The excellent Howard could meanwhile be better used than in the role of stern foil for Owen’s quips, even despite her prowess in dispatching pterodactyls. But she does achieve a degree of depth in her redemptive transformation from corporatised drone to a real, loving human, which is more than might be said for other cast members. A case in point is Hammond’s proxy in the charismatic businessman Masrani (Irrfan Khan), who does little more than drive his helicopter and grin a lot.

The holes and writing flaws then again come as little surprise given that the film is older than the director’s own Hollywood career – after a decade of rewrites and delays, it was perhaps inevitable that the script would turn out uneven. The third act suffers in particular from unconvincing plot resolutions involving OTT anthropomorphism and a gate-crashing whale-alligator.

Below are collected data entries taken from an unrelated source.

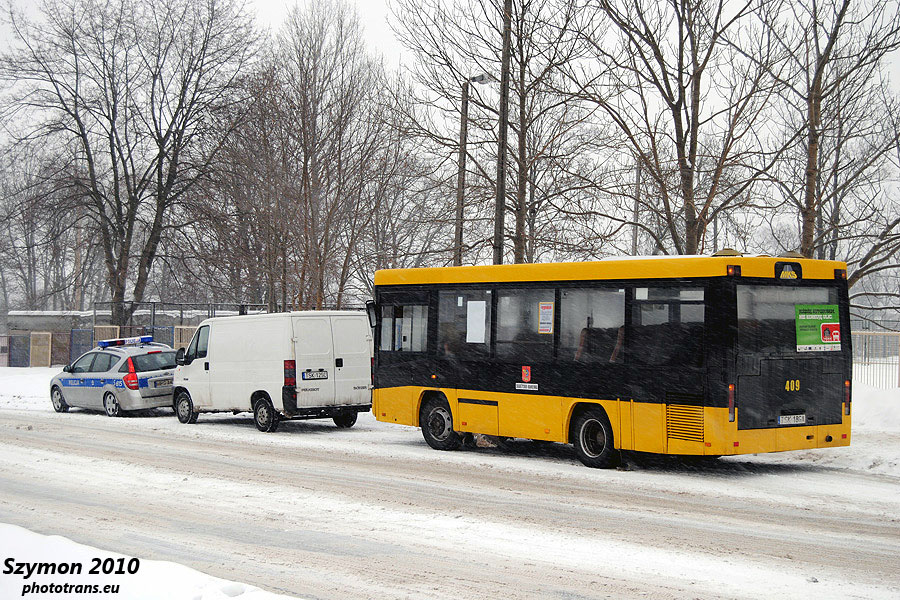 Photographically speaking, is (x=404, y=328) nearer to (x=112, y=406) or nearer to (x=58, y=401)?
(x=112, y=406)

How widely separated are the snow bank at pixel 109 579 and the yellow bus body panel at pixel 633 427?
6971 millimetres

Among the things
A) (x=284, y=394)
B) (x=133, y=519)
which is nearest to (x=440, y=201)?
(x=284, y=394)

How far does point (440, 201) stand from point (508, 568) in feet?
59.3

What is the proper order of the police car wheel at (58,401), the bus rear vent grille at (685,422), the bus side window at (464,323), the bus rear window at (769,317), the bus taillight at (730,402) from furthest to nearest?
1. the police car wheel at (58,401)
2. the bus side window at (464,323)
3. the bus rear window at (769,317)
4. the bus rear vent grille at (685,422)
5. the bus taillight at (730,402)

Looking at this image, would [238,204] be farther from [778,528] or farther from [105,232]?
[778,528]

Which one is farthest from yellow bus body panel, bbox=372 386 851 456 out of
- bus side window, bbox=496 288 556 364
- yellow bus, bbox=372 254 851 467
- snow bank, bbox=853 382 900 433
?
snow bank, bbox=853 382 900 433

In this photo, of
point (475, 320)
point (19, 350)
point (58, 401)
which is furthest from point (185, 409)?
point (19, 350)

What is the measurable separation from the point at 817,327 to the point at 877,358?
26.8 feet

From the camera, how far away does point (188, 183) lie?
132 feet

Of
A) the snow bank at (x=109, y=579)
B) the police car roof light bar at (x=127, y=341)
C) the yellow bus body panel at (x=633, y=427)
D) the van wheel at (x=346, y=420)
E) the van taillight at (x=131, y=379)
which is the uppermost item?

Which all points to the biggest weakness of the movie: like its DNA salad of a main monster, it suffers from a lack of clear identity. No matter how often John Williams’ soaring original score is replayed, it struggles to capture that sense of wonder and mystery found in Spielberg’s classic.

It would help if Trevorrow ditched the smirking self-references and gave his audience some proper credit (flying pixels can only be so entertaining), but it’s a fun and often hilarious ride besides. Where justified Hollywood sequels can be rare as raptors these days, Jurassic World is worth a visit.